Aim of the task:
Output exactly the lines below, starting with the line that has "Blick auf das" and going on through the line that has "Diwash beside the", both included, and no other lines.

=== Section Start ===

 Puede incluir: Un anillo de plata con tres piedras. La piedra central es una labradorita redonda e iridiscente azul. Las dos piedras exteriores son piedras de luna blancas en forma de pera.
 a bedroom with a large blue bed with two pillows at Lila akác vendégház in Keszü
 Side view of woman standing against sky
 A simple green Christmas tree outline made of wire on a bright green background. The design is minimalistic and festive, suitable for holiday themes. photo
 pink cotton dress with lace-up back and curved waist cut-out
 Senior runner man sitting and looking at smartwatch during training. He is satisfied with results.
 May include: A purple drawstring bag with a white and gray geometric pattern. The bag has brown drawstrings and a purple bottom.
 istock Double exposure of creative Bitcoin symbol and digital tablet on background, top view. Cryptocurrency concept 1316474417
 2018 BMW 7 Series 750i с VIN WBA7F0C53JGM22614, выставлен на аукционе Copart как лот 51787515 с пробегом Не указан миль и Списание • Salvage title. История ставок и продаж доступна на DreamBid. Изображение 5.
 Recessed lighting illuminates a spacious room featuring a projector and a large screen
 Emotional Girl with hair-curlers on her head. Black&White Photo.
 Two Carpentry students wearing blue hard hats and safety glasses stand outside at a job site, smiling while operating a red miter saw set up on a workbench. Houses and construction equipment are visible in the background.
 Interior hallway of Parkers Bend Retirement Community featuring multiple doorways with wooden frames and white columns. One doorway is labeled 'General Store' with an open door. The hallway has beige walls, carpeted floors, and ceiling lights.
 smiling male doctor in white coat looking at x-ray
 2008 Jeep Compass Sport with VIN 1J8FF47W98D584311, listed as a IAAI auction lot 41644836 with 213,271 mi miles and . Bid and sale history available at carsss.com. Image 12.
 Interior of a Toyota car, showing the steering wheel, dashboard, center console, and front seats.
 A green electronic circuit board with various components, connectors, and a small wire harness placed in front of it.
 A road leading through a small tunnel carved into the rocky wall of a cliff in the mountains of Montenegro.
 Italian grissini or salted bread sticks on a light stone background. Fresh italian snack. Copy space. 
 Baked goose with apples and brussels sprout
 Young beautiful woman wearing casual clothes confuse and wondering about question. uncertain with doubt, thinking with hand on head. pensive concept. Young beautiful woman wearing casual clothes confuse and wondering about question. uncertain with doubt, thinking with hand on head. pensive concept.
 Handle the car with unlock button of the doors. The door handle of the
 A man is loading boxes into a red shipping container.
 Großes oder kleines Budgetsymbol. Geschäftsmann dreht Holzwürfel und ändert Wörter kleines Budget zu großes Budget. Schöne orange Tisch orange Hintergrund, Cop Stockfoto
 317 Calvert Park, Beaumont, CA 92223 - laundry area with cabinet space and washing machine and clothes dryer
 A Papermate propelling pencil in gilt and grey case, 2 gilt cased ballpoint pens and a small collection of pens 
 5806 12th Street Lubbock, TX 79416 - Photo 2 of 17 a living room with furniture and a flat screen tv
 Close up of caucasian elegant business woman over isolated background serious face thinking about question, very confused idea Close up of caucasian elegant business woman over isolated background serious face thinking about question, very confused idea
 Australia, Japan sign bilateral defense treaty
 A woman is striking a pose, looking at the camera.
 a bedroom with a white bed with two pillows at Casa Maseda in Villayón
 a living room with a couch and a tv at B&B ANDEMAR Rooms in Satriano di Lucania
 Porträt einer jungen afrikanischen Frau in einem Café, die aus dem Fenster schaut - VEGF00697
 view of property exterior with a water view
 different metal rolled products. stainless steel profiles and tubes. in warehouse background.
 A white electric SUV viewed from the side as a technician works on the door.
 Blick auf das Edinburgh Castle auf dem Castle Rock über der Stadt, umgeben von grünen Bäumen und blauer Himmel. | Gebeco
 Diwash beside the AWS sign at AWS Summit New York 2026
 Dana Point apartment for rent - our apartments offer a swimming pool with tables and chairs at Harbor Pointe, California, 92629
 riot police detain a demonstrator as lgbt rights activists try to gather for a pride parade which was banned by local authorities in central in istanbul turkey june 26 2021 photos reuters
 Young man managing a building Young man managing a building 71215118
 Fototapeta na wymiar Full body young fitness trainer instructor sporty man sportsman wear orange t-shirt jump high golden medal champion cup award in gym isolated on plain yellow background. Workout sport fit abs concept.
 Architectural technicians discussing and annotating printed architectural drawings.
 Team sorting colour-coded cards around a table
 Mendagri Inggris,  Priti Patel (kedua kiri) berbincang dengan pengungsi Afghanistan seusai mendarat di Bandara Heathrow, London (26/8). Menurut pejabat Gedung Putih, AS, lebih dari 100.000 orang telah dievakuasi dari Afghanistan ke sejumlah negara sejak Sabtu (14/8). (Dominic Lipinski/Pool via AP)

=== Section End ===

Result:
 Blick auf das Edinburgh Castle auf dem Castle Rock über der Stadt, umgeben von grünen Bäumen und blauer Himmel. | Gebeco
 Diwash beside the AWS sign at AWS Summit New York 2026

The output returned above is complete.